Items listed in a dataset
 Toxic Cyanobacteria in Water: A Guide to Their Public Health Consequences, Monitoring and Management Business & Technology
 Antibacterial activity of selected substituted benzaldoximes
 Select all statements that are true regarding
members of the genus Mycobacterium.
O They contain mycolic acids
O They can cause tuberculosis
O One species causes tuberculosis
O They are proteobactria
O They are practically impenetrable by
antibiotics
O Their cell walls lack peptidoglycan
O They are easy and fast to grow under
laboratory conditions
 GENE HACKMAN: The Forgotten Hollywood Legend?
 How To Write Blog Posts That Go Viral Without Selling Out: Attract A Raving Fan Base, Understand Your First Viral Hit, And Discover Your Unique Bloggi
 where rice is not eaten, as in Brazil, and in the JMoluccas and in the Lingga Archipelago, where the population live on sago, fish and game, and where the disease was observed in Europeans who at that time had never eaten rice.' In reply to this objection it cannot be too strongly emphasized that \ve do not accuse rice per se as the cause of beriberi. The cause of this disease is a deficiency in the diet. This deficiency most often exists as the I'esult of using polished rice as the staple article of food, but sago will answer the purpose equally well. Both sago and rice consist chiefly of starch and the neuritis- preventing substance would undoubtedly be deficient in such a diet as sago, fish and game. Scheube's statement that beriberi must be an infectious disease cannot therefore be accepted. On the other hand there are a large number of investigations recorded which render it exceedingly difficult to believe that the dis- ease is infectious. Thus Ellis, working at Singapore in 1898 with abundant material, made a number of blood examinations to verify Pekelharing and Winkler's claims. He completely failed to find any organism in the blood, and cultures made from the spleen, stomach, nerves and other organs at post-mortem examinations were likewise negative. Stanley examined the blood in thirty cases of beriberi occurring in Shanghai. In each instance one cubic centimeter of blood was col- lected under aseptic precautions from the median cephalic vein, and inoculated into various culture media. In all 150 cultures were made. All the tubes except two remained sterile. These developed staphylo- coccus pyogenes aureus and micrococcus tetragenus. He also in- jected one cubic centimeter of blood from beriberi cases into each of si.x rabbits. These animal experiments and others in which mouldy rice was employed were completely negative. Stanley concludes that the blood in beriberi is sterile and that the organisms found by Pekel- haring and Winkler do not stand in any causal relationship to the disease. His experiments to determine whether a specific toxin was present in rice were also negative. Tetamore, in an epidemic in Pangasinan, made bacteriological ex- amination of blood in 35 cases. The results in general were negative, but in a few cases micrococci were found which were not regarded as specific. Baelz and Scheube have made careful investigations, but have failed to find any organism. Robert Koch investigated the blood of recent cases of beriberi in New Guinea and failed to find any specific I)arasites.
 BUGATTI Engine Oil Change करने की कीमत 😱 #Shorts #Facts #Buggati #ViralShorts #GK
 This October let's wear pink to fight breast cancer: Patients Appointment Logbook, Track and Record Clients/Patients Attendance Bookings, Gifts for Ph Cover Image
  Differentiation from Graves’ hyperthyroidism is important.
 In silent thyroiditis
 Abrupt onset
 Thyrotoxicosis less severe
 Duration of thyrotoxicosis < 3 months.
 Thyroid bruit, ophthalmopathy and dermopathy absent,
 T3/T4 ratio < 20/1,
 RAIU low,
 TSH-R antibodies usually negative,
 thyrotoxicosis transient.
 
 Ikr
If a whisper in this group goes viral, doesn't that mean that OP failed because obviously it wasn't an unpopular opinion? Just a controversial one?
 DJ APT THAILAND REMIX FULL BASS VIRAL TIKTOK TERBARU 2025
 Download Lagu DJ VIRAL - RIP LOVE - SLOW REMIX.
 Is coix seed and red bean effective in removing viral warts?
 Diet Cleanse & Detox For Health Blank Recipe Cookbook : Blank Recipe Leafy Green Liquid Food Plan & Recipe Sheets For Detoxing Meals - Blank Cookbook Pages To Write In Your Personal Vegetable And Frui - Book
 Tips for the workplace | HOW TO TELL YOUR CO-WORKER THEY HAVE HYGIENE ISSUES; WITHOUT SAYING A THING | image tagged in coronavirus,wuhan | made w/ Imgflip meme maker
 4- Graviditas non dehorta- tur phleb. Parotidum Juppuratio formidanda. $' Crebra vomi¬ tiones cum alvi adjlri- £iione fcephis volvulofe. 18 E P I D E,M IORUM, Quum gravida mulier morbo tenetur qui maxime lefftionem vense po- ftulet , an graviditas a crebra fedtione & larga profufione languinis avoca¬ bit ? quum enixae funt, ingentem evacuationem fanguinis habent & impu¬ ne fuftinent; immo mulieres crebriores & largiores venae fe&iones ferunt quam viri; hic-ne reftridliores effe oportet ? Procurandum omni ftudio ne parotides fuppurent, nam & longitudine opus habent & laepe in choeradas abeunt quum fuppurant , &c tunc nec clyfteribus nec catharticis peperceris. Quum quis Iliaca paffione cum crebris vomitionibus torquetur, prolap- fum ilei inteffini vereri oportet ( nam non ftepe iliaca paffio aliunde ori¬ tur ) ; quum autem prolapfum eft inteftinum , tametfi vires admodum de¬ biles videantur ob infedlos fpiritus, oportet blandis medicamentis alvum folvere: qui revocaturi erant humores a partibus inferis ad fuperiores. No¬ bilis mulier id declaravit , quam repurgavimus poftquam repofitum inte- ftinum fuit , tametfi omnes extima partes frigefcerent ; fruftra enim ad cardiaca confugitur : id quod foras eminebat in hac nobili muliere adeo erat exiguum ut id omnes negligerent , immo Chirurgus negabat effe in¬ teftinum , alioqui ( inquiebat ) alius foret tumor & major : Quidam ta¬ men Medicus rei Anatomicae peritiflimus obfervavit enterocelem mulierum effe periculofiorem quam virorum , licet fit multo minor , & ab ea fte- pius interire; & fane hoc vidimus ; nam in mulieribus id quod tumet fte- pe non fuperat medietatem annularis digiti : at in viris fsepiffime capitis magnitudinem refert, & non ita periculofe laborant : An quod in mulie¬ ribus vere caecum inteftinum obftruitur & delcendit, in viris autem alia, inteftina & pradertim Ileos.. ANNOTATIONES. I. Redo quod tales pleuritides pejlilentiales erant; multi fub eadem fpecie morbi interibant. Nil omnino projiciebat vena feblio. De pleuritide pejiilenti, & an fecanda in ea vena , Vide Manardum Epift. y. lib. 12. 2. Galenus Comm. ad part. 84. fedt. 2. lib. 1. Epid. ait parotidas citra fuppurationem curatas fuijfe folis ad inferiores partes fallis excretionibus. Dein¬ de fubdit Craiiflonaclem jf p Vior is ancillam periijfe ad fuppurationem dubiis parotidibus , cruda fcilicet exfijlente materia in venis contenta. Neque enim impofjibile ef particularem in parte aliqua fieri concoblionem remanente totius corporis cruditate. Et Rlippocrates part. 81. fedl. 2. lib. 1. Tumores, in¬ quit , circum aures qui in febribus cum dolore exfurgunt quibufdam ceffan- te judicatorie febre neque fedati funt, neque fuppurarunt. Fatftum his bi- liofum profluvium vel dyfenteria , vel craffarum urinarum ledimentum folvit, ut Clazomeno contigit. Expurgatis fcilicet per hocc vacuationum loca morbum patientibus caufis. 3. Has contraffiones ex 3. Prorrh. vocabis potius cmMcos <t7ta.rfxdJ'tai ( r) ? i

▶ TASK REQUIREMENTS
In the entries above, please find the line with "hyperthyroidism is important." and the line with "Tips for the", then write out exactly those two lines and every line between them, and nothing more.

▶ EXPECTED ANSWER
  Differentiation from Graves’ hyperthyroidism is important.
 In silent thyroiditis
 Abrupt onset
 Thyrotoxicosis less severe
 Duration of thyrotoxicosis < 3 months.
 Thyroid bruit, ophthalmopathy and dermopathy absent,
 T3/T4 ratio < 20/1,
 RAIU low,
 TSH-R antibodies usually negative,
 thyrotoxicosis transient.
 
 Ikr
If a whisper in this group goes viral, doesn't that mean that OP failed because obviously it wasn't an unpopular opinion? Just a controversial one?
 DJ APT THAILAND REMIX FULL BASS VIRAL TIKTOK TERBARU 2025
 Download Lagu DJ VIRAL - RIP LOVE - SLOW REMIX.
 Is coix seed and red bean effective in removing viral warts?
 Diet Cleanse & Detox For Health Blank Recipe Cookbook : Blank Recipe Leafy Green Liquid Food Plan & Recipe Sheets For Detoxing Meals - Blank Cookbook Pages To Write In Your Personal Vegetable And Frui - Book
 Tips for the workplace | HOW TO TELL YOUR CO-WORKER THEY HAVE HYGIENE ISSUES; WITHOUT SAYING A THING | image tagged in coronavirus,wuhan | made w/ Imgflip meme maker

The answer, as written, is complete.